BOISE — In this week's Life in Balance, we're looking at efforts to balance youth sports.
Studies have shown by the age of 14, girls drop out of sports at two times the rate of boys. Girls who stay in the game have more self-confidence, self-esteem, better grades, engage in less risky behavior, and increase their leadership capabilities later in life.
Boise State soccer standout Raimee Sherle says she fell in love with soccer the minute she began to play.
"I love the competition, how we make each other better, how we challenge each other," Sherle said. "It's my favorite."
She began the sport at just five years old, joining at team coached by her aunt.

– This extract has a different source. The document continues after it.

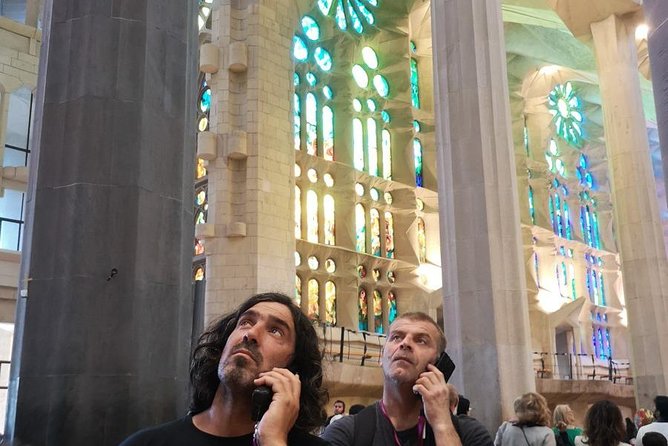 Barcelona: Sagrada Familia, Park Guell & Tapas Private Tour - A smart first day in Barcelona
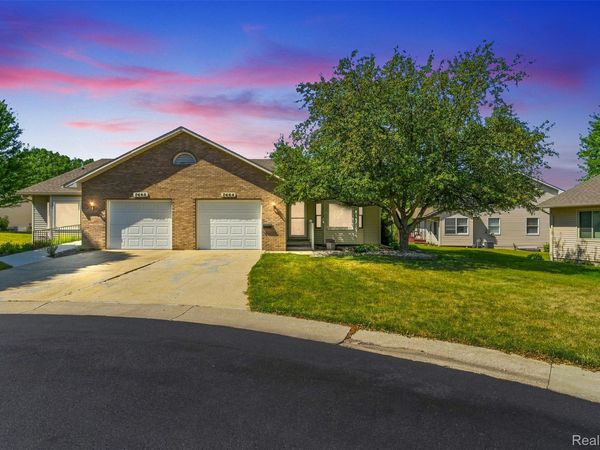 7464 Diane Court, Swartz Creek, Mi 48473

Sherle is now one of the best female players in the nation. The junior forward leads the entire NCAA in goals, scoring 19 so far this season. She also scored an impressive three goals in just over three minutes last month against UNLV, a hat trick that put her in the ranks of Olympic Gold Medalist and World Cup winner Abby Wambach.
"I would not score the goals without my team," Sherle said. "I stand in the center of the field, closest to the goal. It's my job to score the goals. But they pass me beautiful balls and they feed me perfect balls that allow me to do that."
Quitting the game never crossed her mind.
"I loved it from the beginning," she explained. "I loved running around, I loved the concepts of soccer. From the first play I would say yea, I've loved it."
However, that's not the case for most girls. A recent study found 46 percent of girls surveyed said they quit because they didn't see a future for themselves in the sport.
"We see that drop off around 10, 12, 14 years old, and a lot of times what we see is that we don't really have the resources for them," said Dr. Eric Martin, an assistant professor in Boise State's Kinesiology department.
Among his topics of research is youth sport development.
"Female athletes are especially at risk because they're not introduced, as a whole, to sport as early as males are," Martin said.
Title 9 laws require federally-funded schools to provide girls equal opportunities to play sports. But most estimates are that 80 to 90 percent of schools across the country are not in compliance and not treating girls' teams equally in terms of benefits and resources.
"The message that a lot of society is sending is sports are for boys and girls, but really boys is where it's at," Martin said.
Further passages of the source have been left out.